I am a novice in OpenACC Fortran programming using PGI 17.4 Community Edition. Following Michael Wolfe slides “OpenACC for Fortran programmers”, I have a serial code and OpenACC code as follows:
The serial code:
program sequential_code
implicit none
integer, parameter :: dp = selected_real_kind(15,307)
real, dimension(:), allocatable :: a, b
real(dp) :: start_t, end_t
integer, parameter :: n = 1000000
call cpu_time(start_t)
call random_seed
allocate(a(n), b(n))
call random_number(a)
call process(a, b, n)
deallocate(a, b)
call cpu_time(end_t)
write(*,20) end_t-start_t
20 format('Total elapsed time is ', f10.5, ' seconds.')
contains
subroutine process( a, b, n )
real, intent(inout) :: a(n), b(n)
integer, intent(in) :: n
integer :: i
do i = 1, n
b(i) = exp(sin(a(i)))
enddo
end subroutine process
end program sequential_code
The OpenACC code:
program OpenACC_code
implicit none
integer, parameter :: dp = selected_real_kind(15,307)

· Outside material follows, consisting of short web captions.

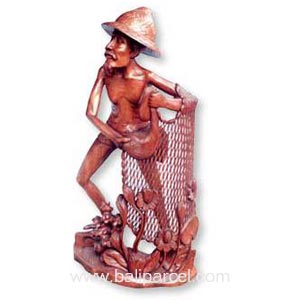 Fisherman Statue, Hand Carved From Suar Wood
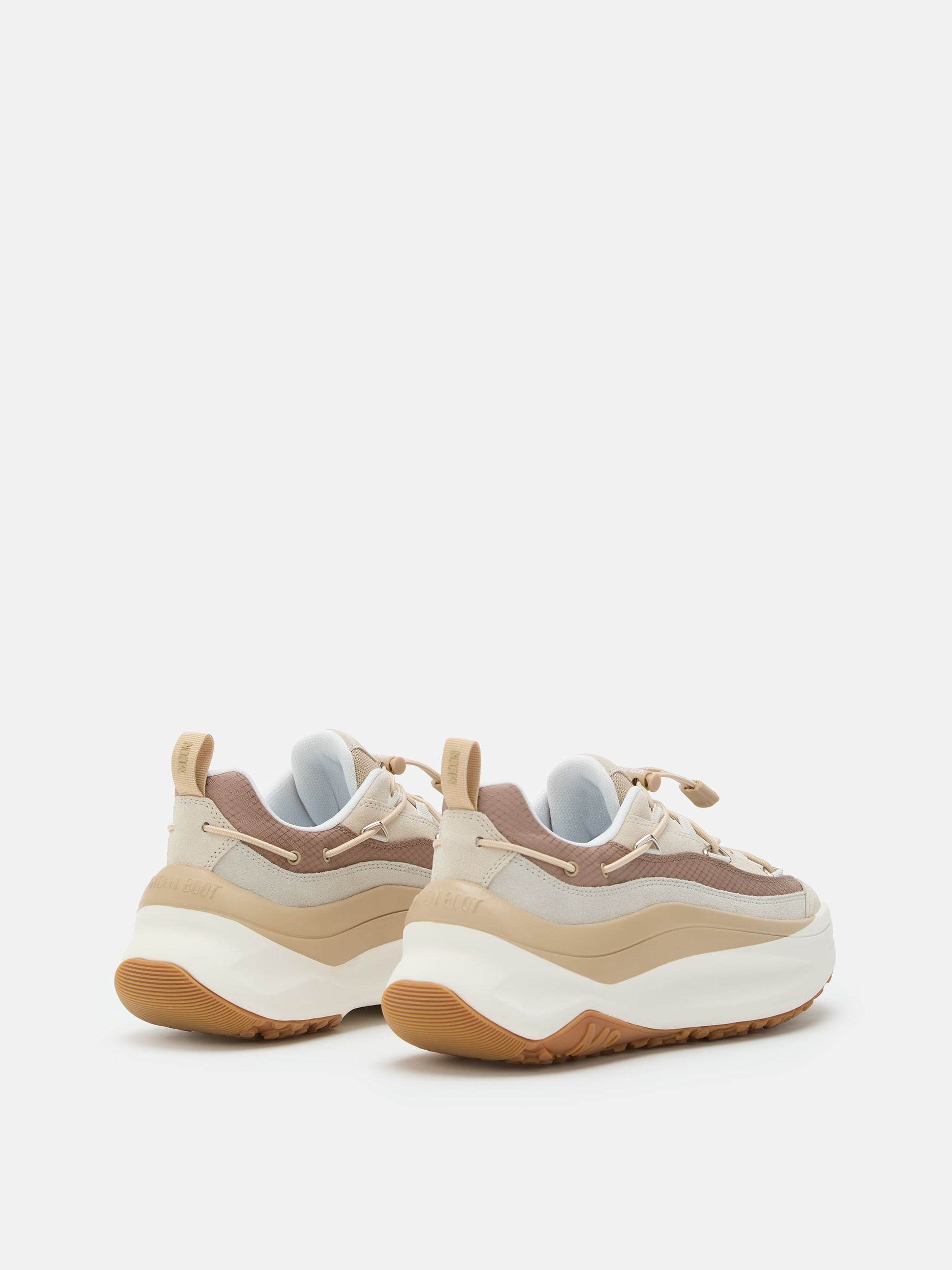 MOON BOOT MOON247 XLACE OFF WHITE & TAUPE SNEAKERS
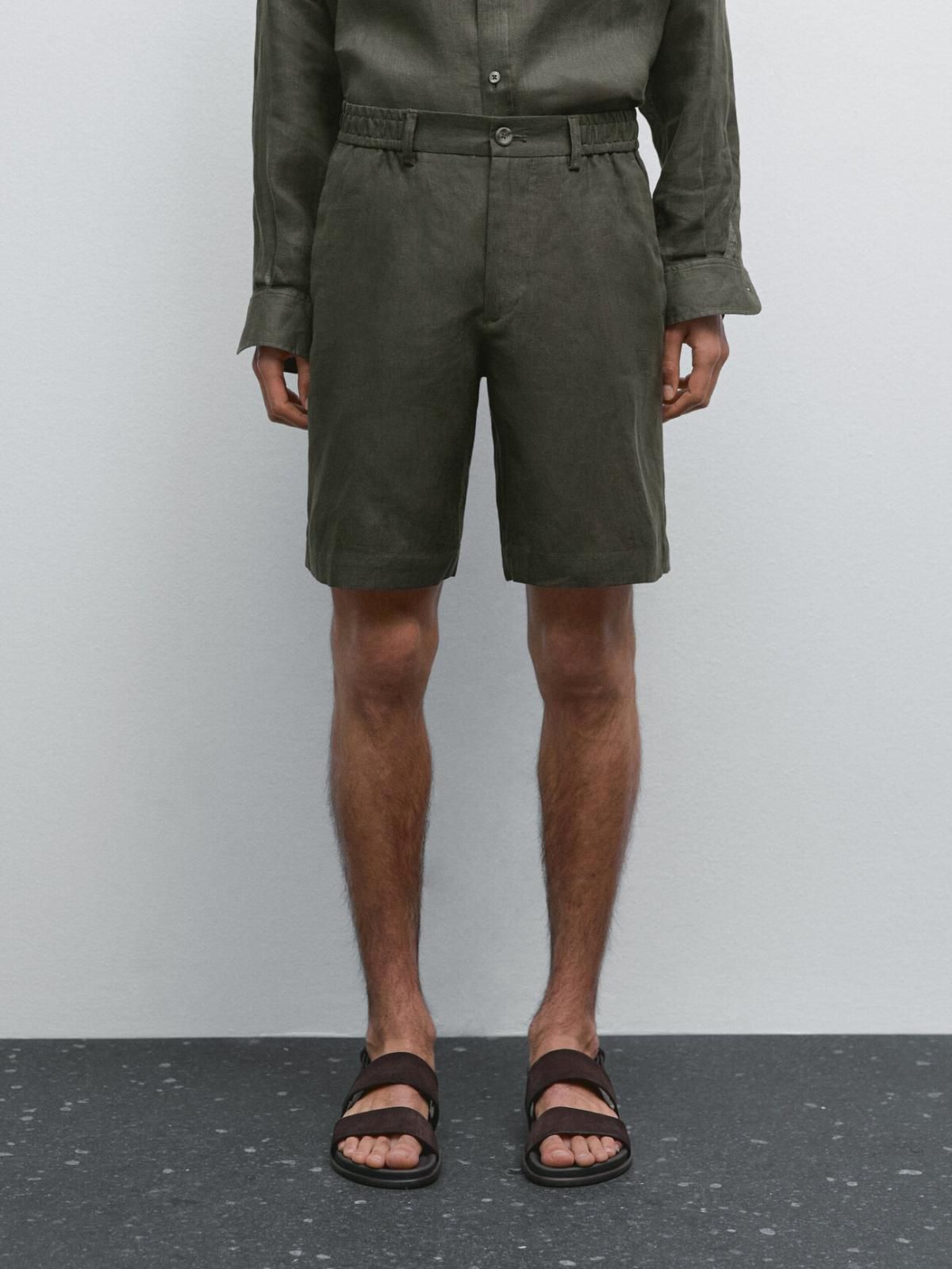 마시모두띠 세미 조거핏 리넨 버뮤다 쇼츠 2907/006 DARK GREEN - 상세 이미지 3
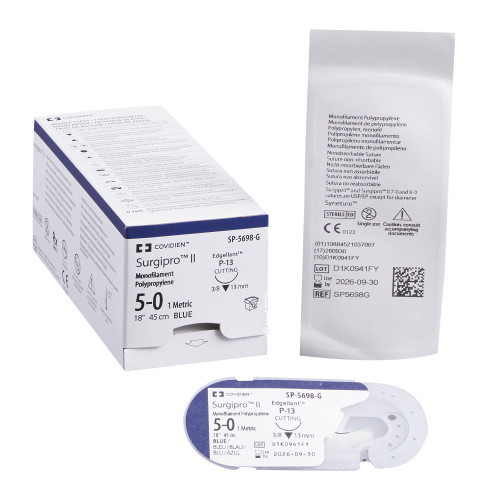 Nonabsorbable Suture with Needle Surgipro II Polypropylene P-13 3/8 Circle Precision Reverse Cutting Needle Size 5 - 0 Monofilament SP-5698-G Box of 12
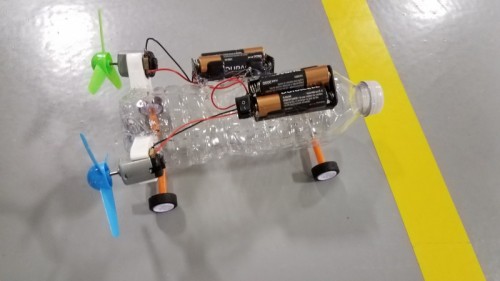 CCPREP 2021_The Winner - Built using a plastic soda bottle, Vihaan Rajput’s battery-operated vehicle won the race competition as part of Del Mar College’s CCPREP (Corpus Christi Prefreshman Engineering Program) 2021 summer camp focused on continued learning in subjects in science, technology, engineering and mathematics (STEM). Fourteen-year-old Rajput will start the ninth grade at Veterans Memorial High School this year. (Credit: DMC College Relations) CCPREP 2021_The Winner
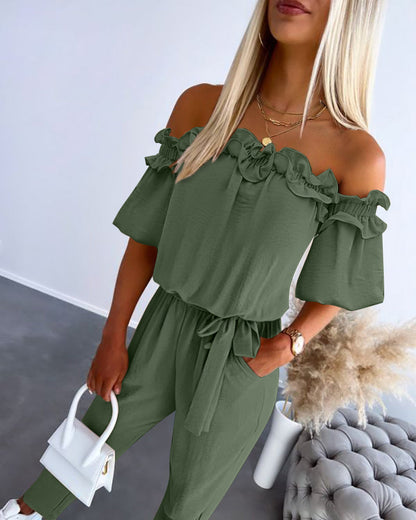 Stylish Lightweight Off-Shoulder Jumpsuit with Pockets & Adjustable St - Jamota
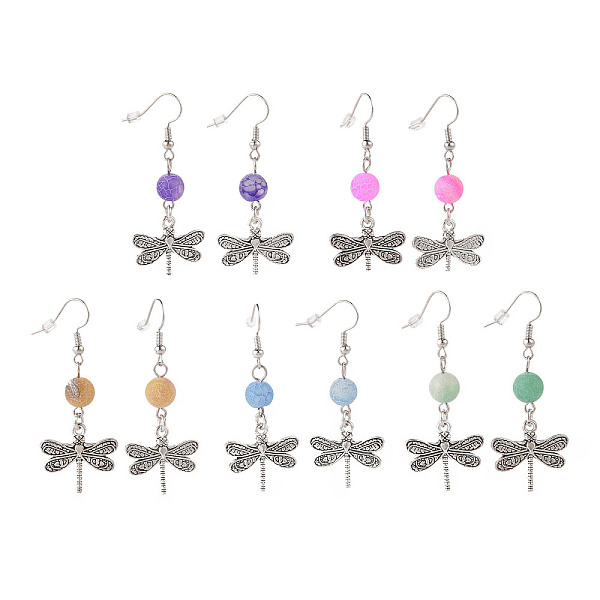 

PandaHall Natural Weathered Agate Dangle Earrings, Tibetan Style Alloy Pendant Dangle Earring for Women, with Brass Earring Hooks, Mixed..., Multicolor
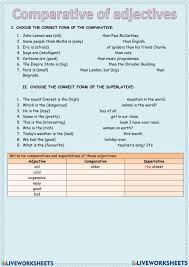Adjectives are one of the traditional eight english parts of speech, though linguists today distinguish adjectives from words such as determiners that were formerly considered to be adjectives. Comparison Of Adjectives Interactive Exercise For Grade 3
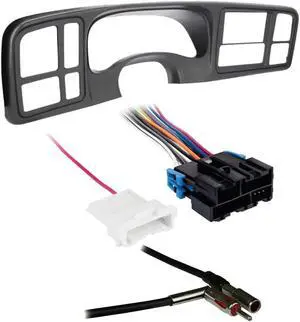 Metra DP-3002GY 2 DIN Dash Kit w/ Amp Harness & Antenna Adapter for GM Vehicles (Black)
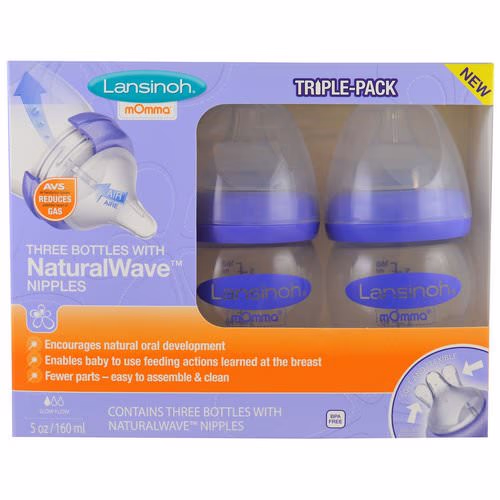 Lansinoh, Natural Wave Nipple Bottles, Slow Flow, 3 Bottles, 5 oz (160 ml) Each Review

real, dimension(:), allocatable :: a, b
real(dp) :: start_t, end_t
integer, parameter :: n = 1000000
call cpu_time(start_t)
call random_seed
allocate(a(n), b(n))
call random_number(a)
!$acc data copy(a,b)
call process(a, b, n)
!$acc end data
deallocate(a, b)
call cpu_time(end_t)
write(*,20) end_t-start_t
20 format('Total elapsed time is ', f10.5, ' seconds.')
contains
subroutine process( a, b, n )
real, intent(inout) :: a(n), b(n)
integer, intent(in) :: n
integer :: i
!$acc parallel loop
do i = 1, n
b(i) = exp(sin(a(i)))
enddo
end subroutine process
end program OpenACC_code
And bellow are command lines and output of the serial code and the OpenACC code:
The serial code:
pgf90 -o sequential_code.exe sequential_code.f90
./sequential_code.exe
Total elapsed time is 0.09600 seconds.
The OpenACC code:
export PGI_ACC_NOTIFY=1
pgf90 -acc -ta=tesla -o OpenACC_code.exe OpenACC_code.f90
./OpenACC_code.exe
launch CUDA kernel file=C:\Users\HP\Downloads\FORTRAN CODES\CUDA and OpenACC\Op
enACC\OpenACC_code.f90 function=process line=30 device=0 threadid=1 num_gangs=78
13 num_workers=1 vector_length=128 grid=7813 block=128
Total elapsed time is 0.13400 seconds.
My question is, what causes the OpenACC code slower than the serial code?
Thank you in advance.